A study by researchers at University of Massachusetts Lowell (UML) shows that apple juice prevents degradation of the neurotransmitter acetylcholine in rats, leading to a prevention of age-related memory loss.
The study, to be published in the Journal of Alzheimer’s Disease, was led by Thomas Shea, head of UML’s Center for Cellular Neurobiology and Neurodegeneration Research.
Adult and aged mice aged 9-12 months and 2-2 and-a-half years old, respectively, were given one of three different diets; one group was given a complete diet, another was given a folate- and vitamin E-deficient diet supplemented with iron (a pro-oxidant), and a third group was given a complete diet supplemented with apple juice concentrate added to drinking water.

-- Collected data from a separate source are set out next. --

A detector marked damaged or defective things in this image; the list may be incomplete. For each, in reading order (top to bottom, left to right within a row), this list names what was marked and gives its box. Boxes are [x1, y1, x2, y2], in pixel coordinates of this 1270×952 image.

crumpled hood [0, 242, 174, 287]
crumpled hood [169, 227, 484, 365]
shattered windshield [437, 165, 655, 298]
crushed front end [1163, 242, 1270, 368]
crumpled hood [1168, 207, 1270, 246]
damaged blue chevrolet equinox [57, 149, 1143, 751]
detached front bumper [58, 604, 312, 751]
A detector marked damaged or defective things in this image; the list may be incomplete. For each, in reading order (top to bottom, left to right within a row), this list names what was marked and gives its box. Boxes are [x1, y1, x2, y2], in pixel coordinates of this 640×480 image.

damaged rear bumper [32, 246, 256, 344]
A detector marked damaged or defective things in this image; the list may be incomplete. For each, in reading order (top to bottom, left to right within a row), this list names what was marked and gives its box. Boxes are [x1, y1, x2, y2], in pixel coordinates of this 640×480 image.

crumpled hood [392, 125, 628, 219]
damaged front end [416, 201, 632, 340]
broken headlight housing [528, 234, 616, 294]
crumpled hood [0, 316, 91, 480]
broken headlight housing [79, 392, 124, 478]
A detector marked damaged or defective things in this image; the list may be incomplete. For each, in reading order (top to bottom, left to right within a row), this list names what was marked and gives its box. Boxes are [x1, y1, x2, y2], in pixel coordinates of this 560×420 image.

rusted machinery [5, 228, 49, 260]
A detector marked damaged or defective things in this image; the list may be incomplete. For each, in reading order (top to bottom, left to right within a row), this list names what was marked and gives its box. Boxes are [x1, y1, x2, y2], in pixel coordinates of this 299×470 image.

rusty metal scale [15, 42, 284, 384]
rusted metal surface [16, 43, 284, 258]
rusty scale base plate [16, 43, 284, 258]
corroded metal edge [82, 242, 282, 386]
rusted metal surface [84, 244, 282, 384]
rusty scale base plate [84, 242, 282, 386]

Spectrophotometric analysis of combined frontal cortex and hippocampus tissue homogenate from each of the three groups showed that mice maintained on the deficient diets had significantly decreased acetylcholine levels, whereas mice maintained on the diet containing apple juice concentrate did not. Spectrophotometry is a measure of the amount of light absorbed by a sample; light absorption is affected by the molecules present in a sample, and their concentration, with each molecule absorbing a specific wavelength of light.

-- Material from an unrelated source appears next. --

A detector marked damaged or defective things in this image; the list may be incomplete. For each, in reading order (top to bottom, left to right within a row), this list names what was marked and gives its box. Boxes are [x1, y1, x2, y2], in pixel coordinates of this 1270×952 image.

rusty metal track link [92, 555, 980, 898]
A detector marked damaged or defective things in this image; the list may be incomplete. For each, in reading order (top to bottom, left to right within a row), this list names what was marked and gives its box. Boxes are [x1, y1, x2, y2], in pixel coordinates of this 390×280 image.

Previous work by Shea’s group had shown that apple juice concentrate prevents oxidative damage and impaired maze performance in aged mice. In that study, rats were also given one of three different diets, and it is interesting that only older mice were affected by the deficient diet.
Medication given to Alzheimer’s patients inhibits cholinesterase enzymes, which break down actelycholine. In this study, the neuroprotective effect of apple juice concentrate is attributed to antioxidative properties.
Mice in the study were given moderate amounts of apple juice, comparable to a person drinking 16 fluid ounces of apple juice or eating 2-3 apples a day. “We anticipate that the day may come when foods like apples, apple juice and other apple products are recommended along with the most popular Alzheimer’s medications,” says Shea, who notes that clinical trials on humans to evaluate the effectiveness of apple juice in preventing age-related cognitive decline will begin soon.